The figure is low compared with the global average in the Grant Thornton survey, which is 45%. But it is six percentage points higher than among Australian privately-held businesses.
“The lack of support for potential whistleblowers is a little alarming and could mean that medium-sized companies in New Zealand are more at risk of being ripped off by dodgy workers than has been assumed,” said Grant Thornton New Zealand spokesman Peter Sherwin.
“It may be a sign of reluctance to rock the boat in mid-sized companies that have smaller workforces, closer boss-and-staff relationships and other such issues to consider. But the effect on smaller companies of rorts and malpractice can be of greater magnitude than in corporates, in some cases potentially having the ability to bring down a business, so it is surprising that more private companies do not have systems in place to support whistleblowers.”
Mr Sherwin said one factor that could influence the New Zealand position was an inherent Kiwi attitude of not wanting to see “dobbing in” develop as a norm.
“New Zealanders do show a distaste for the practice of dobbing in people who transgress in all sorts of situations and this may well be reflected in mid-sized companies’ systems for dealing with whistleblowers,” he said. “However, if they apply this approach they have to realise it can be at financial or human risk and they have to weigh up these factors in deciding whether to have a support system in place.”
Mr Sherwin said that, without sufficient measures in place, whistleblowers could be victimised as informants or traitors rather than a valuable early-warning system that could save lives, money and reputations.

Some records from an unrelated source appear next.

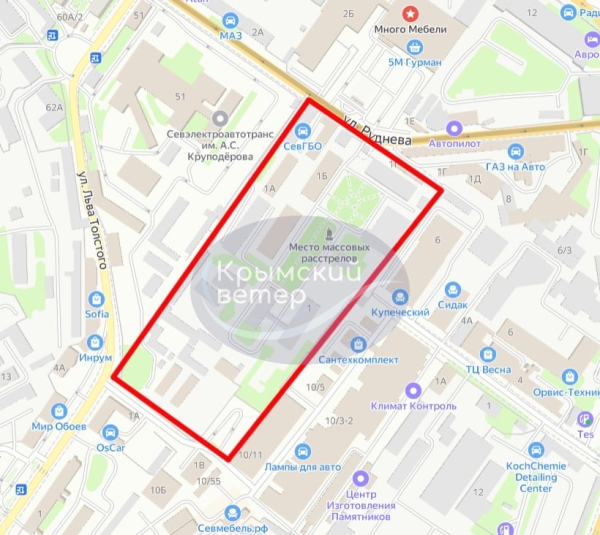 В окупованому Севастополі 23 березня ввечері пролунали вибухи, окупаційна влада заявила про роботу ППО і збиті цілі. Як розповів Суспільному місцевий житель, у Севастополі пролунало близько десяти вибухів. Пізніше він додав, що о 22:29 у Севастополі пролунало ще чотири вибухи. 1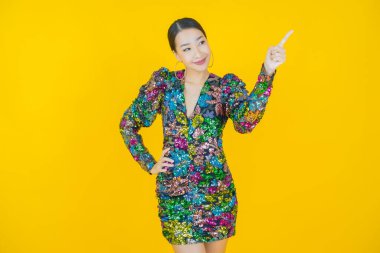 Portre güzel Asyalı kadın gülümsüyor. Renkli arka planda hareket var.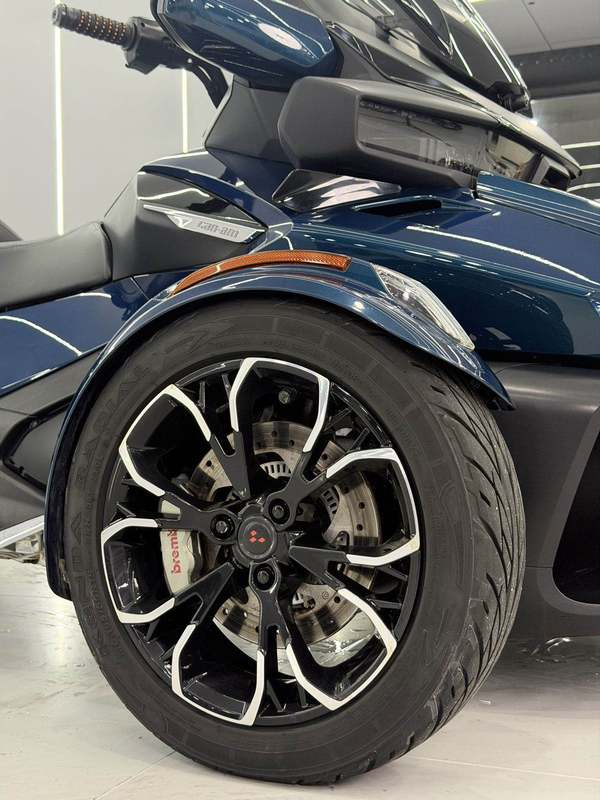 二手庞巴迪Spyder RT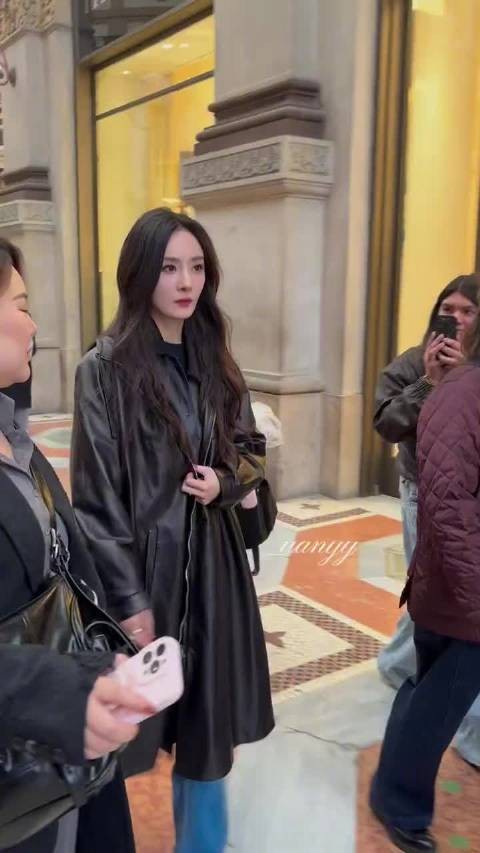 杨幂米兰探店路透，好小的脸好清晰的美貌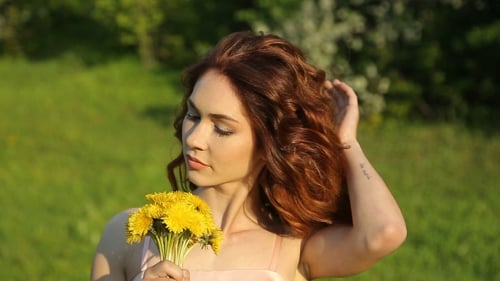 Jovem mulher olhando para câmera sorrindo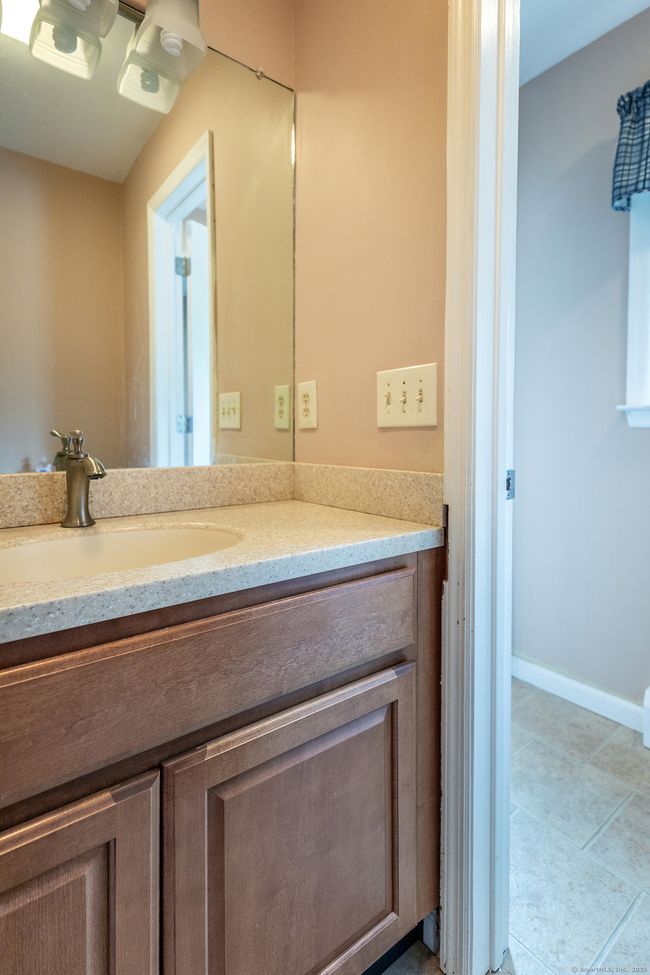 Main level powder room | Image 17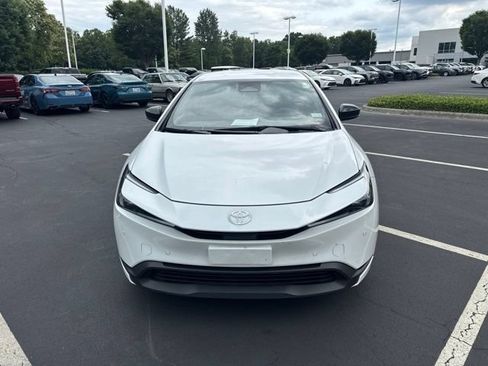 Used 2025 Toyota Prius LE FWD image 10
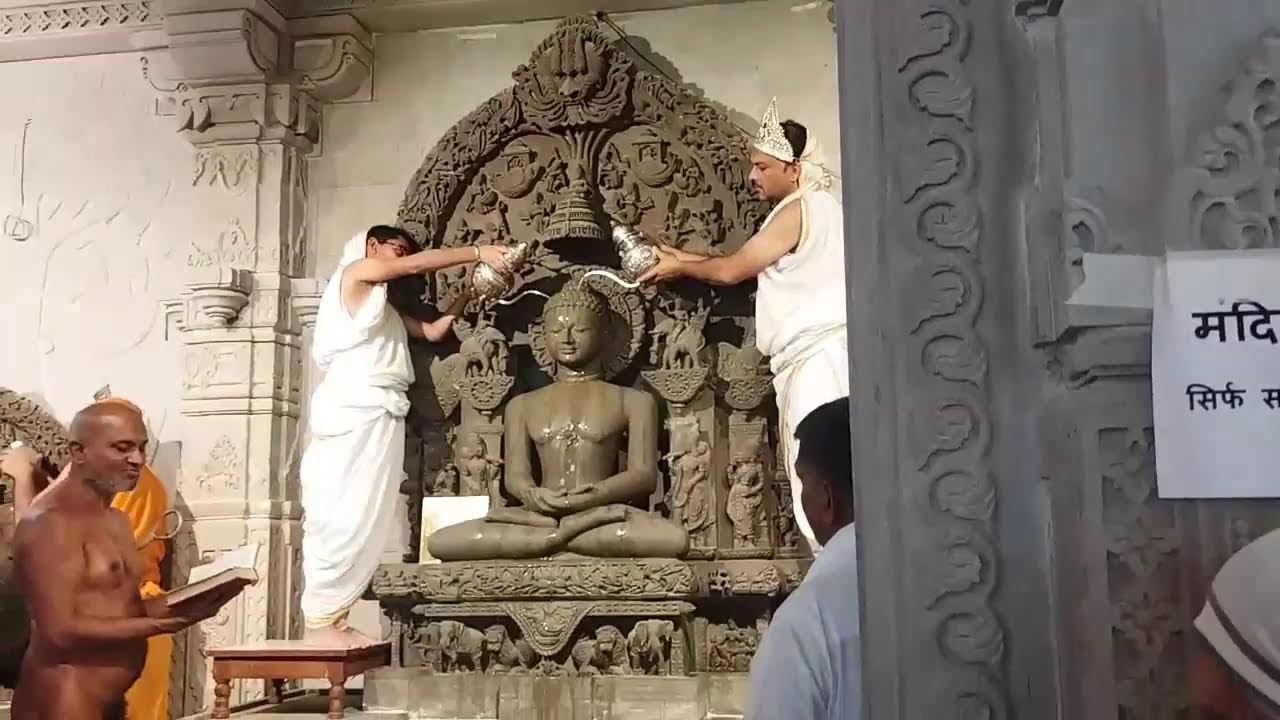 नवनिर्मित सुस जिनालय मे नेमिनाथ भगवान की शांतिधारा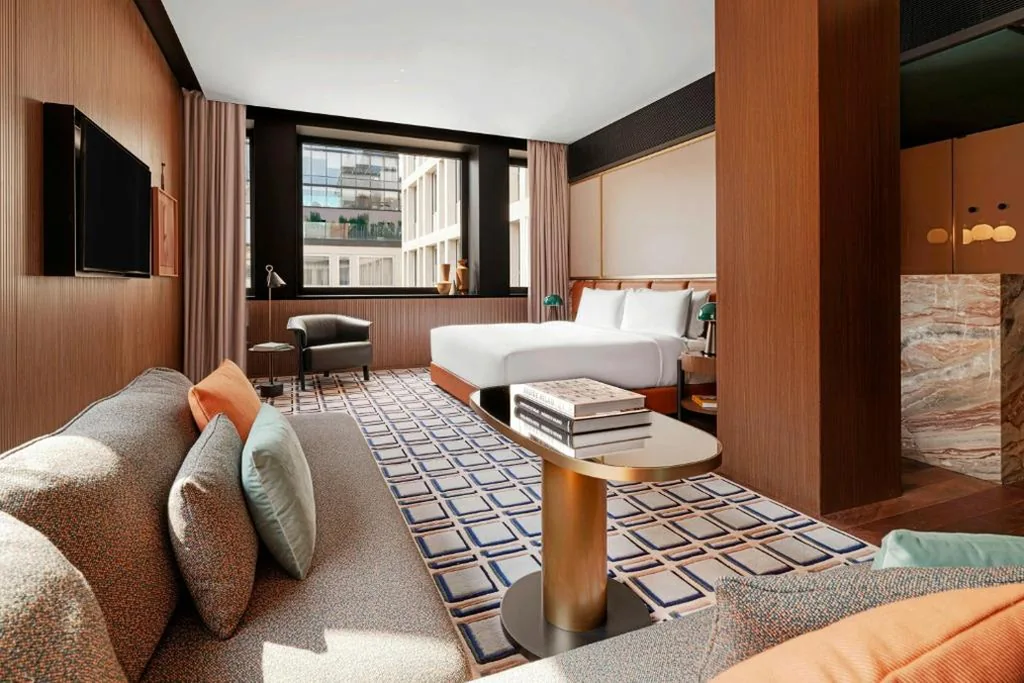 Panoramic King Suite with City View — Casa Brera, a Luxury Collection Hotel, Milan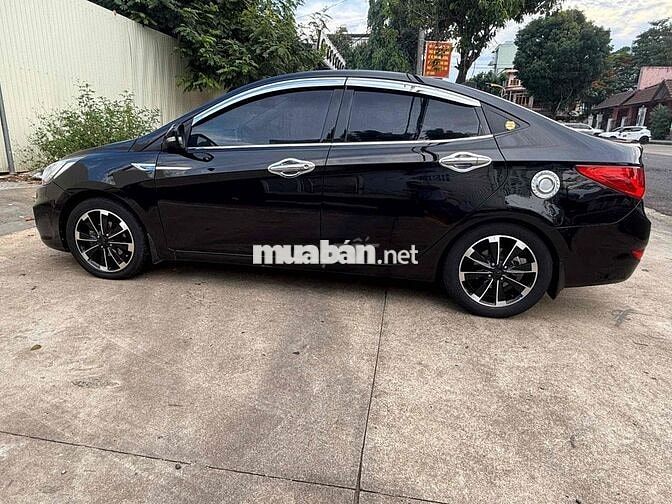 HYUNDAI ACCENT 2012 MT,xe còn khá đẹp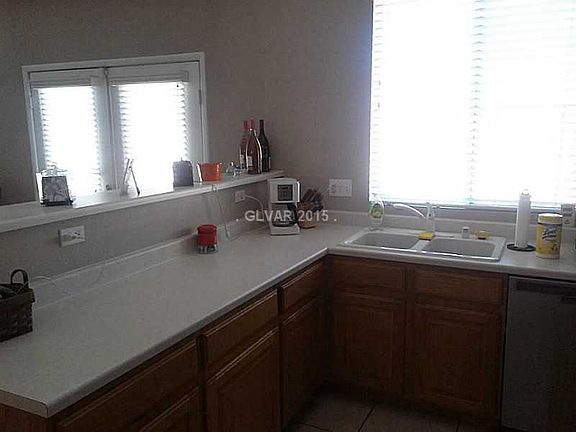 5th image of 3520 Sandy Brown Ave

In more simple situations, underlying issues in a company could remain undetected.
Alex McBeath, Grant Thornton’s global leader on privately-held businesses, said: “Often whistleblowing can be the only way that information about issues such as rule breaking, criminal activity, cover-ups and fraud can be brought to management’s attention before serious damage is suffered.”
Brazil is the top country in terms of privately-held businesses accommodating whistleblowing (85%), followed by Denmark and Sweden (both 71%). Regionally, Latin America has the highest percentage of businesses with support for whistleblowers and East Asia the lowest. Greek businesses are at the bottom of the table (18%).